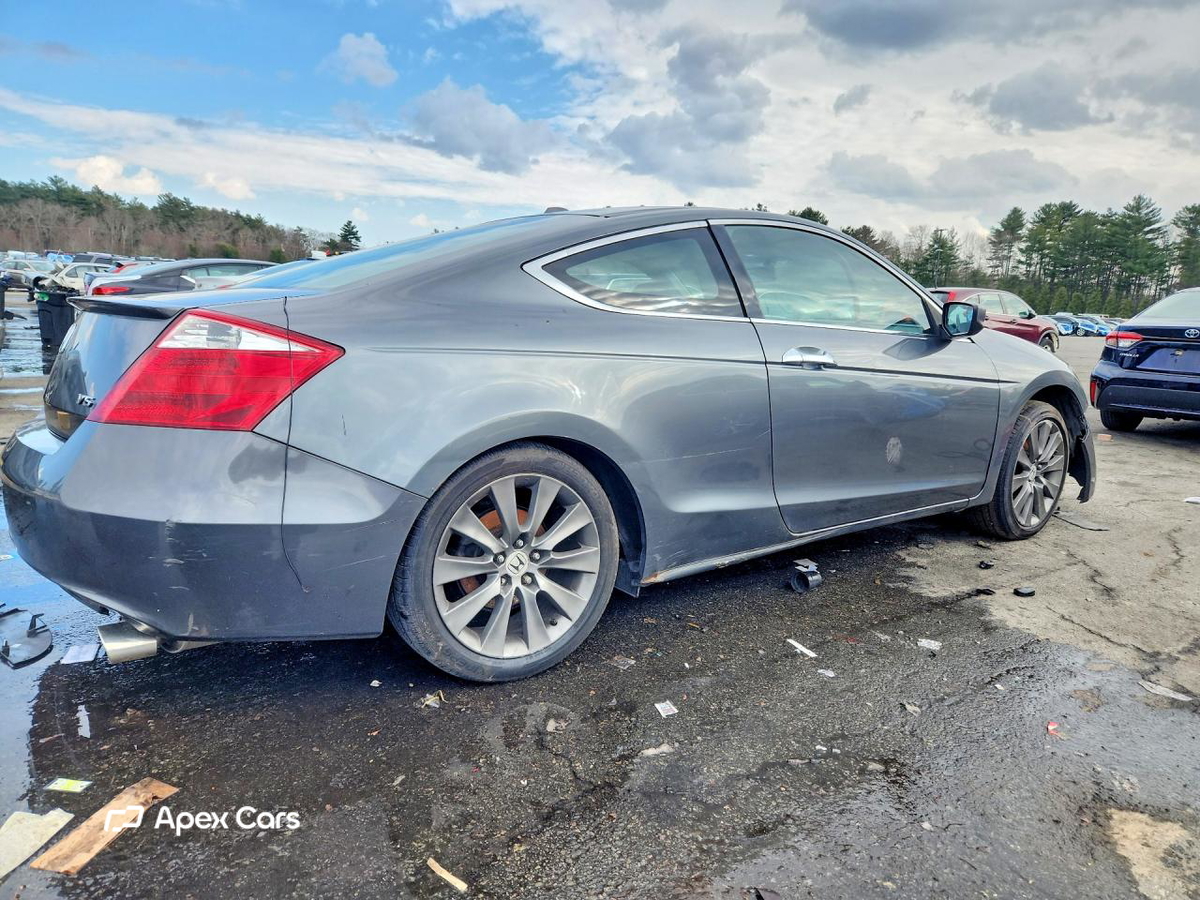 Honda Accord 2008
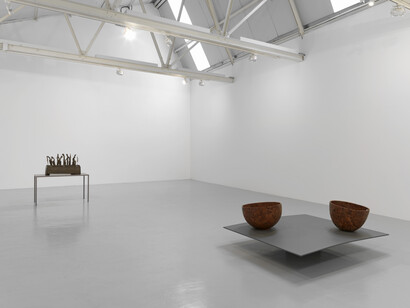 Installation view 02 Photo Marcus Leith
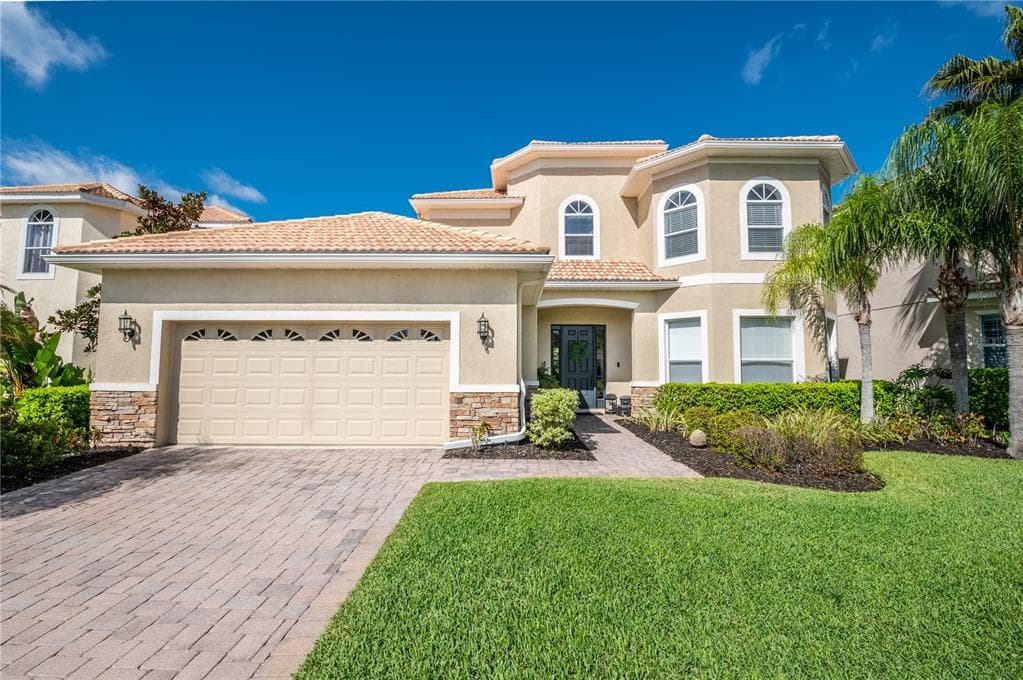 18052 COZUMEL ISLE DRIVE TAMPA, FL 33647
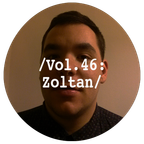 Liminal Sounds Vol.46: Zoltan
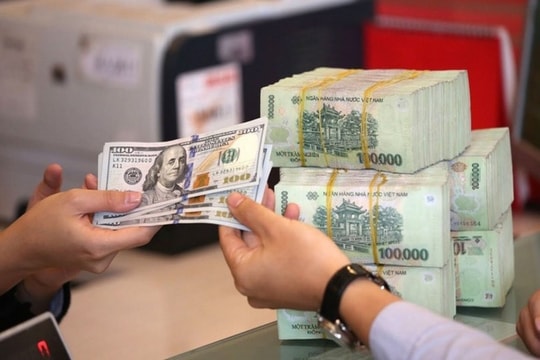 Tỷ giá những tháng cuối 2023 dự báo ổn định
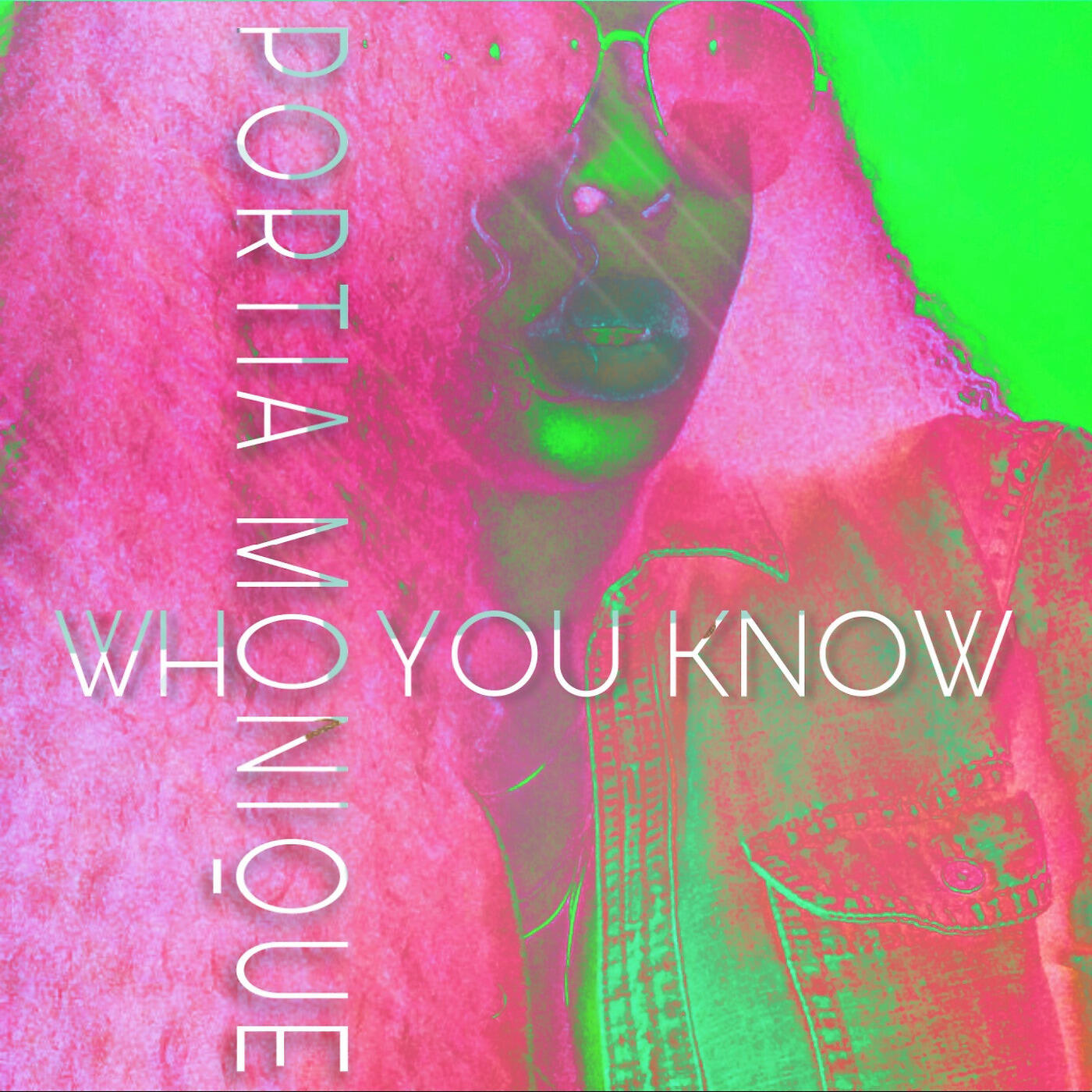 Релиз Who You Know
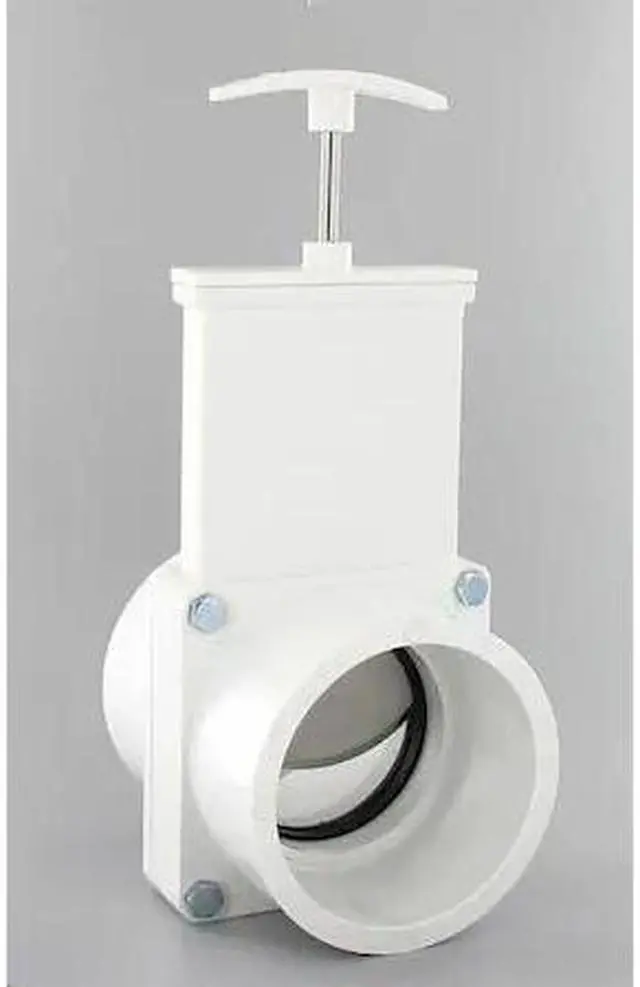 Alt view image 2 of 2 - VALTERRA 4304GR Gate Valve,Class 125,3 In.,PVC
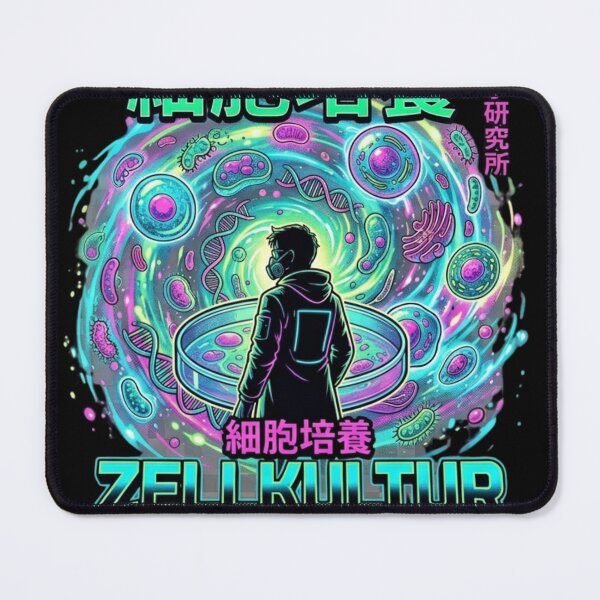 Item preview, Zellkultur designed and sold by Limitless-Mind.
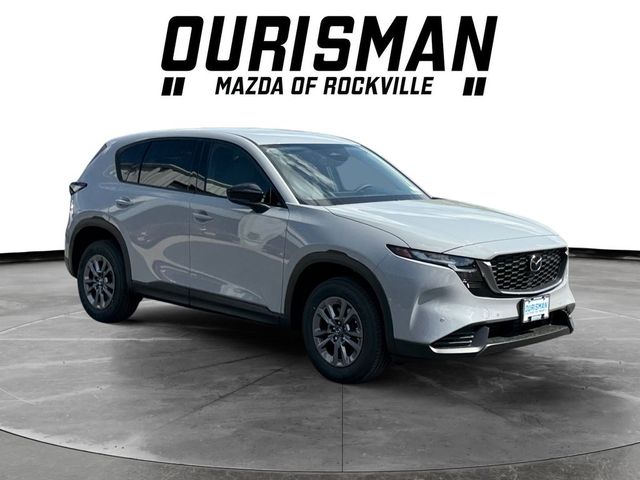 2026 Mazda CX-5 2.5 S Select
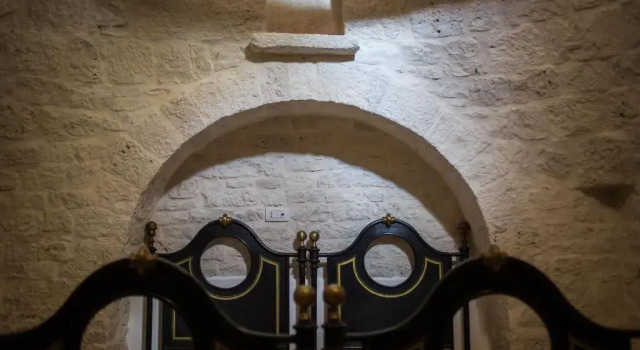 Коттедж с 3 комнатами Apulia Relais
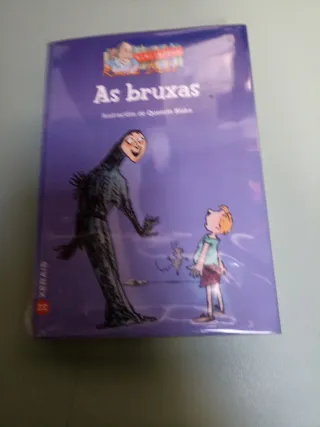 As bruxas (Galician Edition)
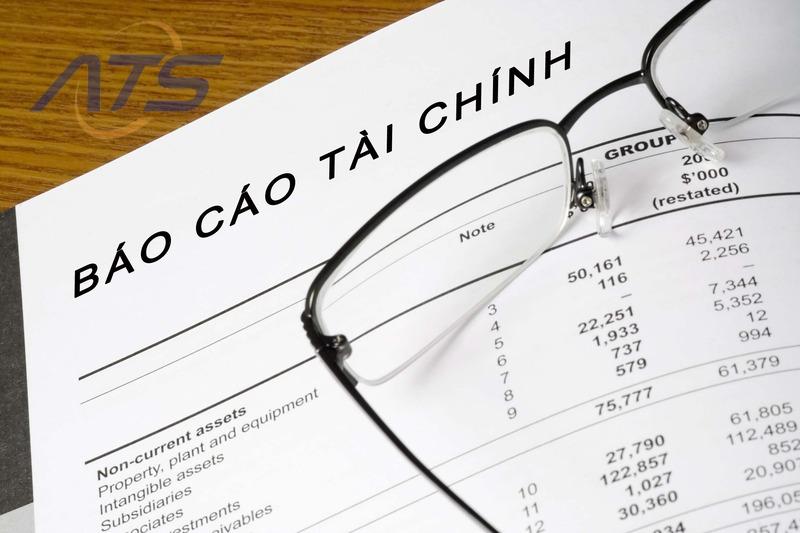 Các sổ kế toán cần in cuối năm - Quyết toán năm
________________________________________
> **WHAT THE TASK REQUIRES**
Please transcribe all of the records above exactly, leaving out any pictures.

> **RESPONSE**
 Honda Accord 2008
 Installation view 02 Photo Marcus Leith
 18052 COZUMEL ISLE DRIVE TAMPA, FL 33647
 Liminal Sounds Vol.46: Zoltan
 Tỷ giá những tháng cuối 2023 dự báo ổn định
 Релиз Who You Know
 Alt view image 2 of 2 - VALTERRA 4304GR Gate Valve,Class 125,3 In.,PVC
 Item preview, Zellkultur designed and sold by Limitless-Mind.
 2026 Mazda CX-5 2.5 S Select
 Коттедж с 3 комнатами Apulia Relais
 As bruxas (Galician Edition)
 Các sổ kế toán cần in cuối năm - Quyết toán năm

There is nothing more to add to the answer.